**What you have to do:** Give back the full listing verbatim, apart from its images.

** Data shown follows **

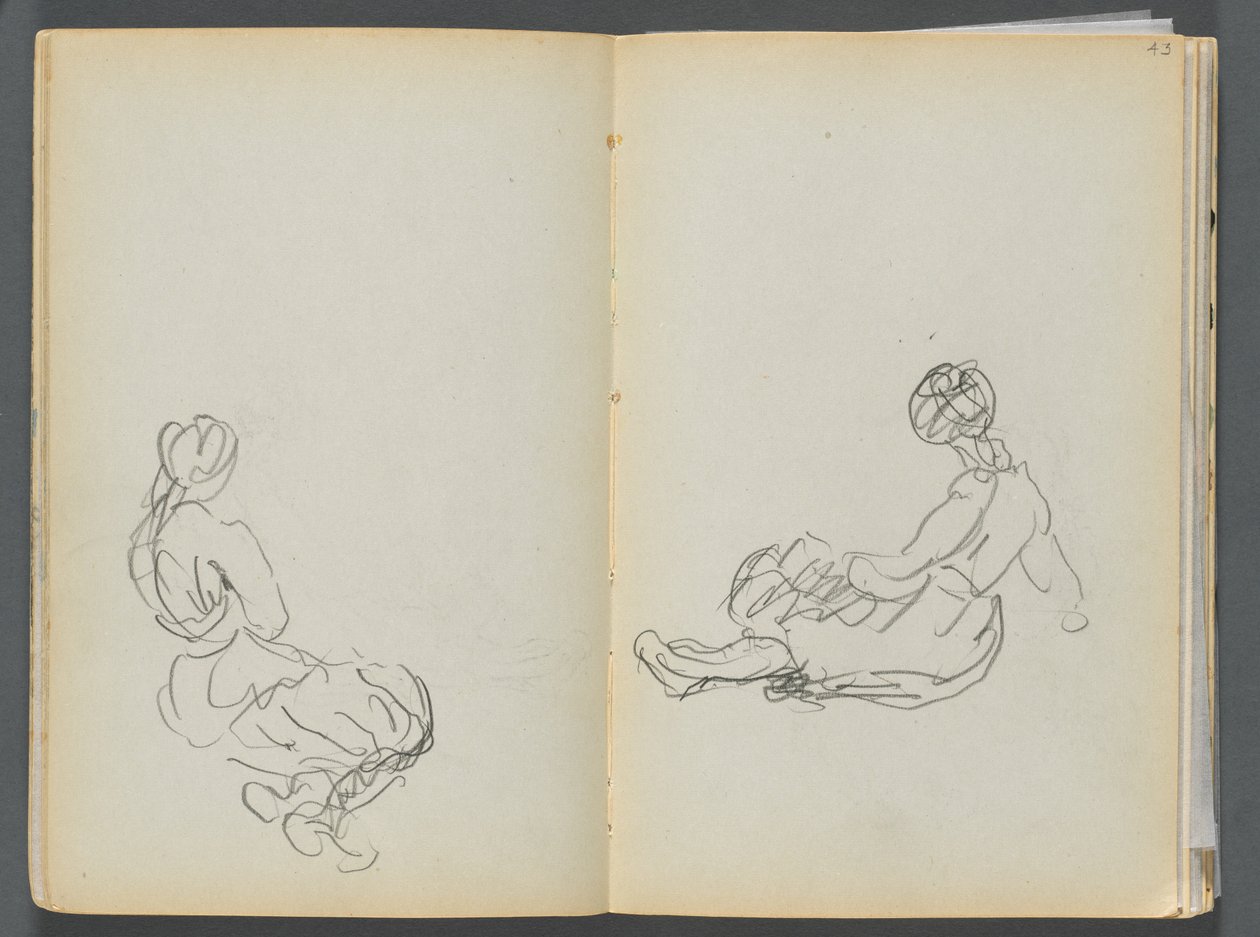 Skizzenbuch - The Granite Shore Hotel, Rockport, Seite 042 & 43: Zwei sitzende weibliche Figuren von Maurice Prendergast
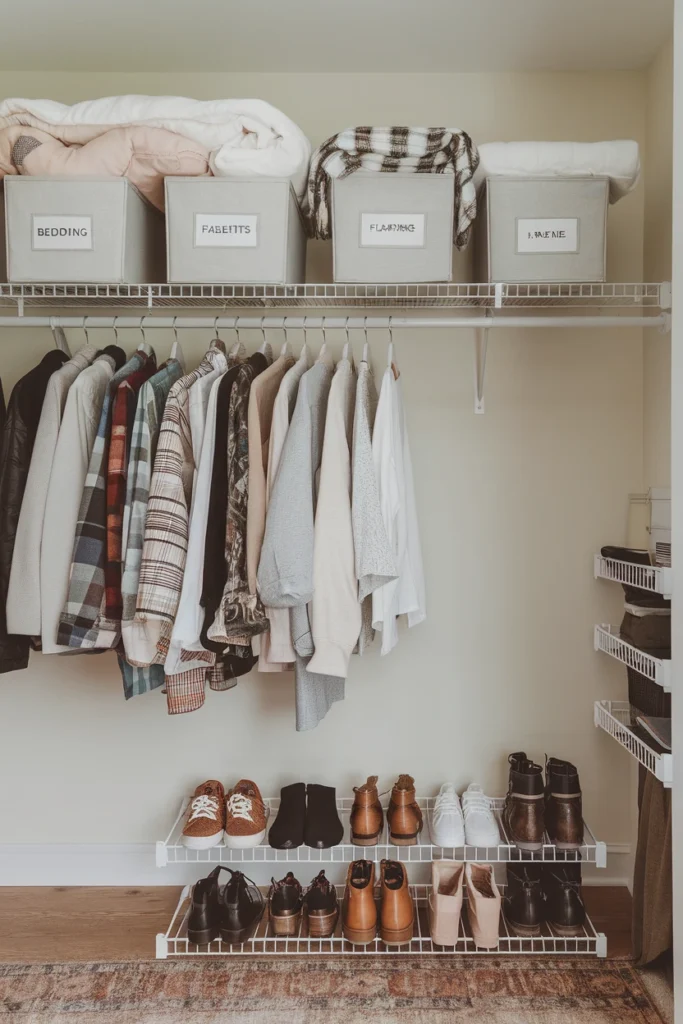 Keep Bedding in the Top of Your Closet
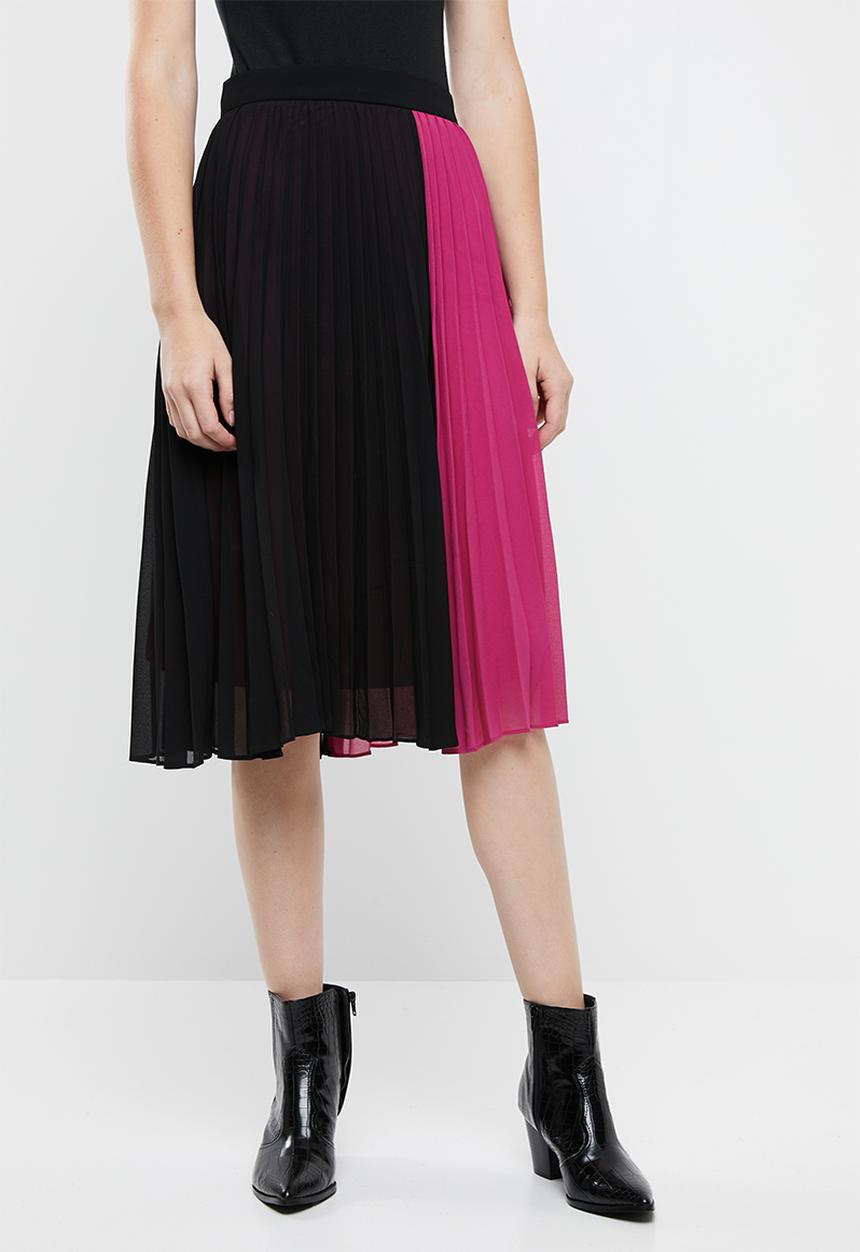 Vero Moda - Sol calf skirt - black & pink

** End of Data shown **

**Solution to this task:**
 Skizzenbuch - The Granite Shore Hotel, Rockport, Seite 042 & 43: Zwei sitzende weibliche Figuren von Maurice Prendergast
 Keep Bedding in the Top of Your Closet
 Vero Moda - Sol calf skirt - black & pink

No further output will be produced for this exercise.